Le ambiguità di Davigo
Il comportamento di Storari (che in seguito ha comunque avuto l’ok dei vertici della Procura meneghina per avviare gli accertamenti richiesti) era quantomeno irrituale. «Se un magistrato lamenta delle scorrettezze» ha sottolineato l’ex Procuratore di Torino Armando Spataro, «scrive al Procuratore Generale della Corte d’Appello». Non è «accettabile presentarsi a un componente del Csm e consegnare» documenti apocrifi e secretati. Anche se per Davigo «il segreto non è opponibile ai consiglieri del Csm».
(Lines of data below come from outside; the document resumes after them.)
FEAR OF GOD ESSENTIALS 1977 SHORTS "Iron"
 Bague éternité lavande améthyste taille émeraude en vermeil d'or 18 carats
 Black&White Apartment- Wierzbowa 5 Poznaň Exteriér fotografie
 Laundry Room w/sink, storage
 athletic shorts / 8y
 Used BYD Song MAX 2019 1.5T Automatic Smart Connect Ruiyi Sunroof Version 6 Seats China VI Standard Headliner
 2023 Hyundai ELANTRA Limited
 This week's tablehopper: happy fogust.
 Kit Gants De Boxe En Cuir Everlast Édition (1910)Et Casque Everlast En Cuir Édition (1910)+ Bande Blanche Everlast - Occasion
L’idolo dei manettari ha liquidato il tutto affermando di aver «informato chi di dovere», perifrasi che pare stia per il Presidente della Repubblica Sergio Mattarella. Di certo ha accennato la questione al vicepresidente del Csm David Ermini e al Pg della Cassazione Giovanni Salvi, ma senza presentare un esposto formale.
Dall’ottobre scorso, poi, le testimonianze del Mr. Wolf di Trinacria sono state spedite anonimamente ad alcuni quotidiani – oltre che a Di Matteo. E adesso la Procura di Roma avrebbe identificato il “corvo” in Marcella Contrafatto, impiegata del Csm nella segreteria dell’allora membro (pensionando) Davigo. Ora indagata per calunnia nei confronti degli inquirenti di Milano in relazione al contenuto della missiva di accompagnamento. Situazione paradossale per il Dottor Sottile, celebre per aver sostenuto che «non esistono innocenti, ma solo colpevoli che non sono stati ancora scoperti».
«Sono certo che il giudice Davigo – che da anni ci fa la morale» ha ironizzato il leader italovivo Matteo Renzi, «saprà spiegare questa strana vicenda». Che, senza dubbio, è solo al primo atto.
Magistratopoli 2 e il “tonno espiatorio”
Il Procuratore Generale Salvi ha definito Magistratopoli 2 «una grave violazione dei doveri del magistrato», su cui il suo ufficio aprirà un’inchiesta disciplinare. L’ex deputato del Pd Ermini ha invece denunciato «un’opera di delegittimazione e condizionamento tesa ad alimentare la sfiducia dei cittadini verso la magistratura». Come se ci fosse bisogno di interventi esogeni.
La realtà è che, dopo la deflagrazione dell’affaire Palamara, le istituzioni hanno lasciato intendere che fosse un caso isolato, risolvibile con la rimozione del “reo”. Laddove il problema di fondo è quella che il Quirinale, citando il giurista Vladimiro Zagrebelsky, ebbe a definire «modestia etica» delle toghe.
Come già argomentato, insomma, i campioni del diritto si sono limitati a nascondere sotto al tappeto la polvere che ora è tornata, prepotentemente, ad affacciarsi. Di buono c’è che ora il terzo potere ha una seconda occasione per fare pulizia al proprio interno. Anche perché, questa volta, non ci sarà alibi del “tonno espiatorio” che tenga.